Well, I told ol' Tex to get his fat ass and his $100 dollar cigar the hell off my property. I'm gonna go to Bugs and sell my own damn carrots, thank you very much, is what I told him.
"You ARE a dumb hick", he sneered. "You only got the one road that comes by your farm, and I bought it from the county when we all got the Free Enterprise. No more gummint handouts for you, boy. The toll for hicks is a goddamn dollar a bushel!"
Well, I was a might taken aback, because, see, I had never had anyone do business with me thisaway. Especially when they wanted to buy MY goddam carrots!
How much you charging Charlie next door to move his carrots? I asked.
"What? Jesus H. Christ! Explain to me how that is any of your damn business? We got a deal or not? I don't have all day." old Yew said to me.
I figured I was outfoxed here, since the old SOB apparently owned the only road by my farm, although I admit, I was havin' trouble figurin' out what part of this was the good ol' free markets that was so efficient that I learned about in school. I told him I would pay his damn dollar, 'cause it was a damn sight cheaper than the $2.50 he wanted to charge me before.
I loaded up my truck and started off. Sure enough, not two miles down, stood a toll booth . The fella in the booth looked me and my truck over real slow like and said, "Friend, toll'l be 'bout $2.00 a bushel".
Friend, my ass, is what I was thinkin, but I responded I think you are mistaken. I just made a deal with your boss Tex for a $1.00 a bushel.
"Yeah, but that was for just moving 'em on down the road. The other $1.00 is for road maintainence", he told me. "Gotta make a profit, you know".
But this road hadn't seen any kinda road crew in right near 10 years! You got potholes amd washouts all up and down it! is what I said to the man.
"Exactly", he says, "thats why you need to pay the maintainence. How is it gonna be fixed unless you pay to fix it? It's called the User Pays deal. You lucky your trucking yourself, cause then ol' Tex would have charged you another $1 a bushel for carrot loss, since a lot of carrots get knocked out of our trucks bouncing around these potholes", he added.

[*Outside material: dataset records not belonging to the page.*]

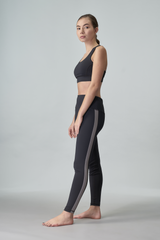 Perry legging - RURI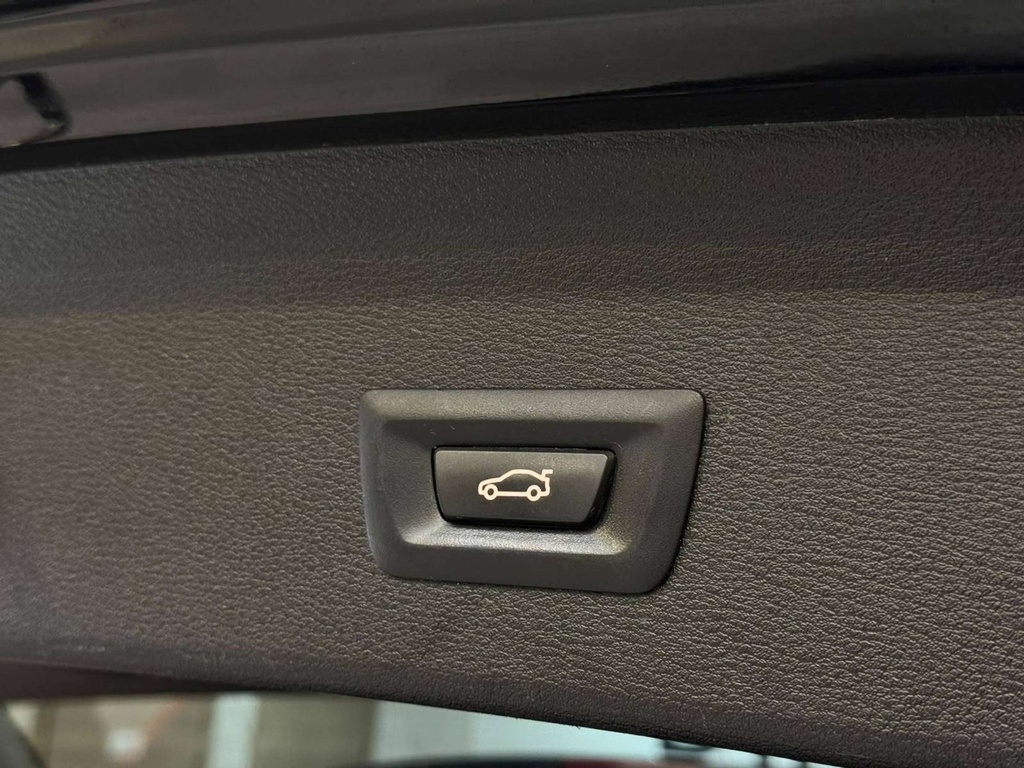 Autoscout Image 26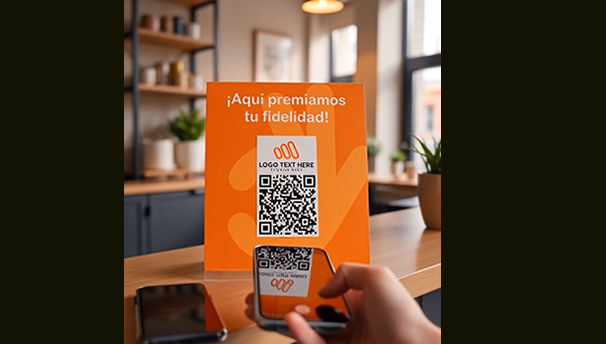 Promoción y geolocalización de tu negocio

Well, I just paid the ol' boy, glad to get on to Monroe and Bugs. Mebbe this awful headache would go away if I could get away from this ol' boy. As I pulled onto the state Highway 4 miles further, lo and behold, if there wasn't another damn ol' toll booth!
"Hello", said the toll both lady. "You aren't carrying a whole lot of carrots today" she smiled.

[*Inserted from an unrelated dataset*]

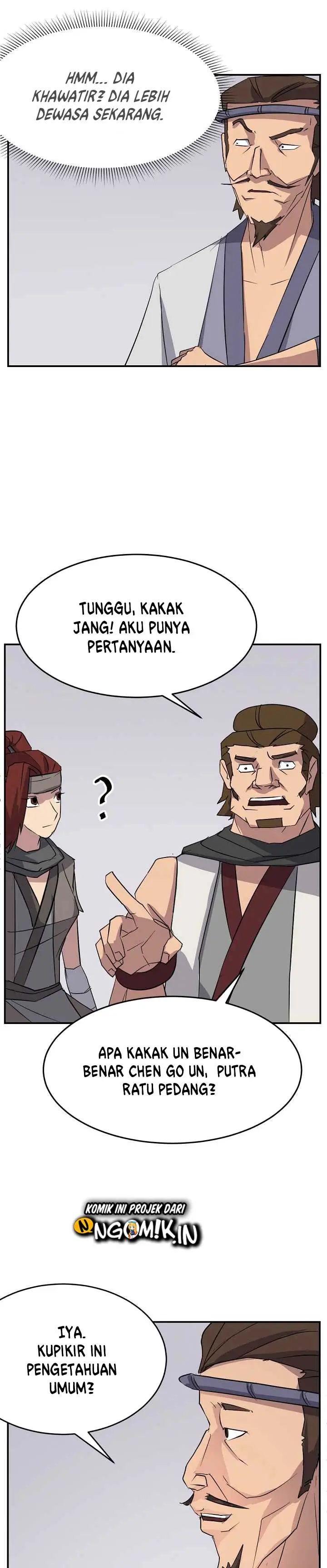 image-komik-the-invincible-immortal-chapter-60-17/33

No, ma'am. I just got me a section spread. Not like the big guys.
"Well, since you're carrying less, I'm gonna have to charge you more per bushel" she says.
Now, how is that? I got a smaller truck, a lot less wear and tear on your road here... why is it more? I said to her.

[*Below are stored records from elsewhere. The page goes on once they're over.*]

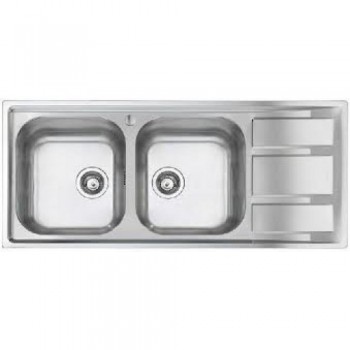 Foster 1972 060 - Lavello...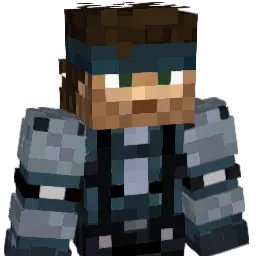 DahCheddah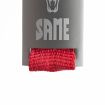 Image de Porte-clés SAME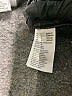 American Eagle Outfitters Hearts Black Jeans Size 2 - photo 8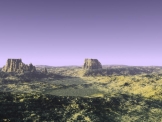 Colorado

"Well, you see we need to recoup the cost of my time of you paying me. See, a big load coming through takes the same amount of my time to collect the toll as a a small load like yours so it makes a lot more economic sense for me to spend my time collecting tolls on only large loads unless, of course, you pay me to make up the difference" she smiled sweetly.
Now how could I argue with that? I figured I was learnin' big time College level economics today. Hell, maybe even college Doctor level! I asked her... Just how many more of these ol' toll booths are there between here and Bugs?
"Don't rightly know. Our part is the next 14 miles. That's all I can really tell you."
This road owning business was looking like a whole lot better deal than being a carrot farmer to this ol' carrot farmer, I was thinking to myself. Who owns this stretch? I ask.
"It is owned by State Hiway 214, LLC" she says.
No kiddin', and who owns that?, I ask.
"Why, its owned by ol' Tex Yew. He bought up all these roads around here. Clever son of a gun he is, 'cause everywhere there is an intersection, he put each stretch into different companies, so that each can collect tolls on each part. Now, don't get me wrong, we don't collude with each other or nothing, because that would be wrong and illegal. Each of us are free to set our tolls however we see fit in order to maximize the revenue to Tex. Its free markets at work! This is bona fide... approved by FART, you know, the Federal Administration for Road Travel, if you don't believe me."
Holy mother of God! is what I was thinking to myself. How many different roads would I need to take to get to Bugs? I was trying to count them in my head, but I was getting dizzy.
Uh, how much these tolls usually run? I asked the lady. I mean, for each road?
"That all depends!", she said. "Depends on what you negotiate."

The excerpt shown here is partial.